Your answer should hold exactly the lines beginning with the one that contains "La cantina Graziano" and ending with the last line of the material, both included. Leave every picture out.

### Dataset extract
··········

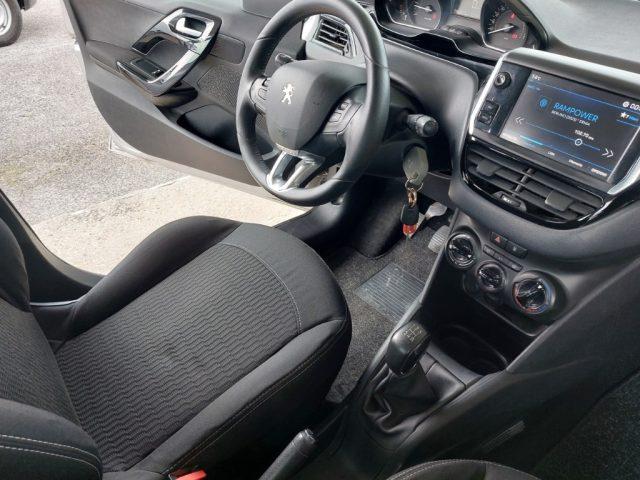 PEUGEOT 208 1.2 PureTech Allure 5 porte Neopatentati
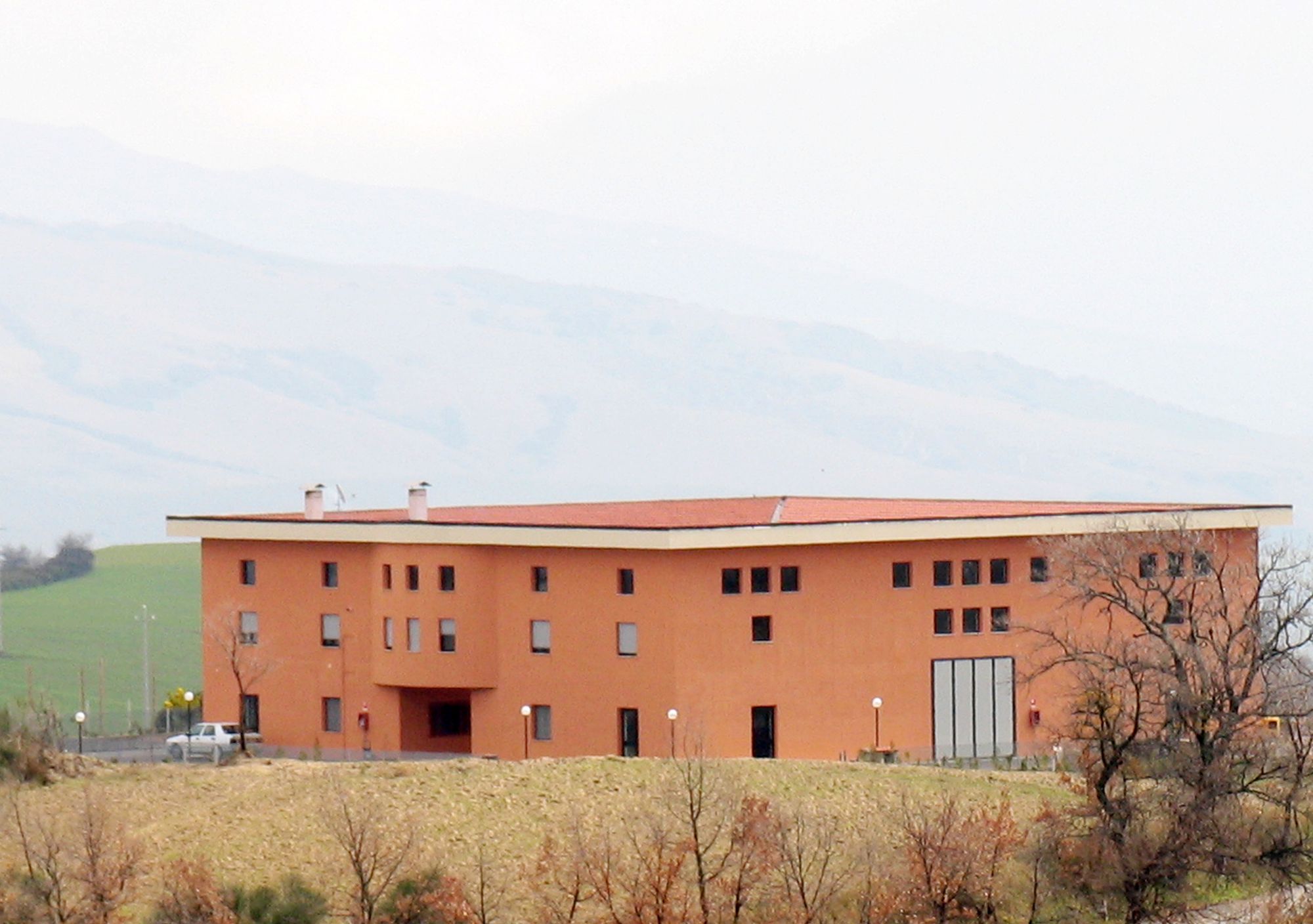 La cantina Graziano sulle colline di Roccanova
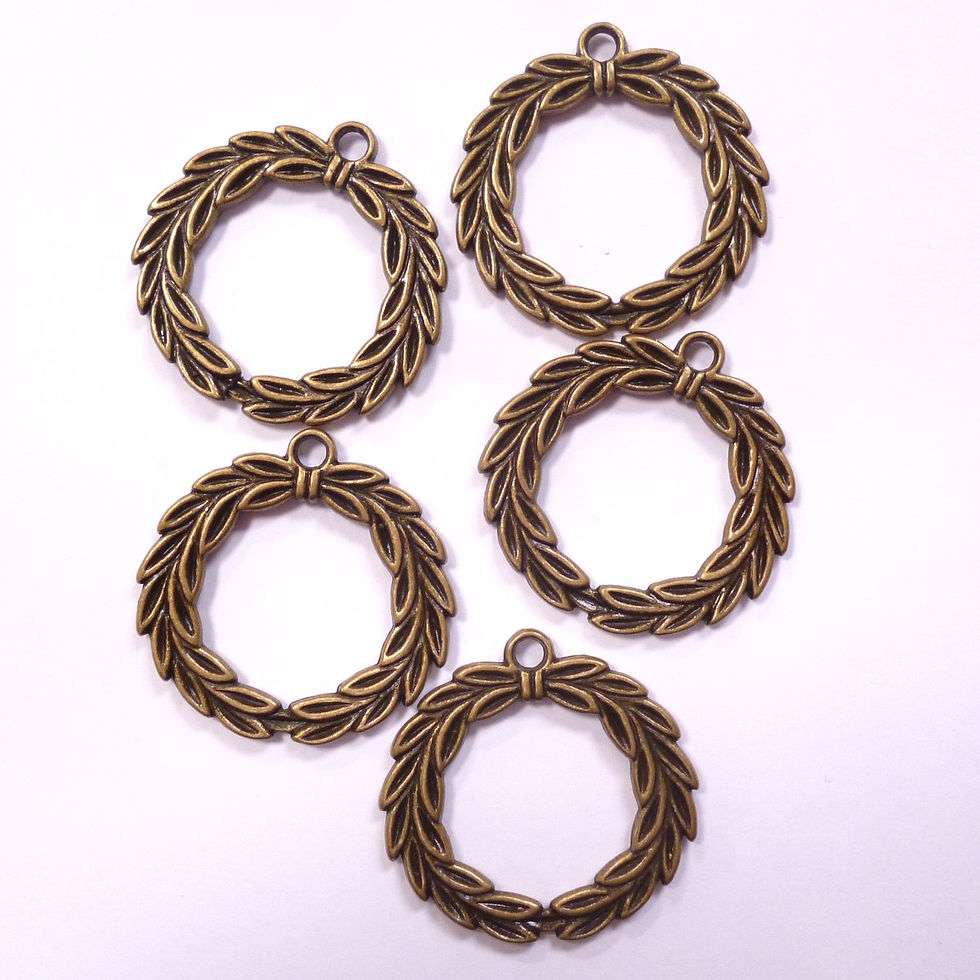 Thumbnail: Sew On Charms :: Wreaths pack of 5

··········

### Solution
 La cantina Graziano sulle colline di Roccanova
 Thumbnail: Sew On Charms :: Wreaths pack of 5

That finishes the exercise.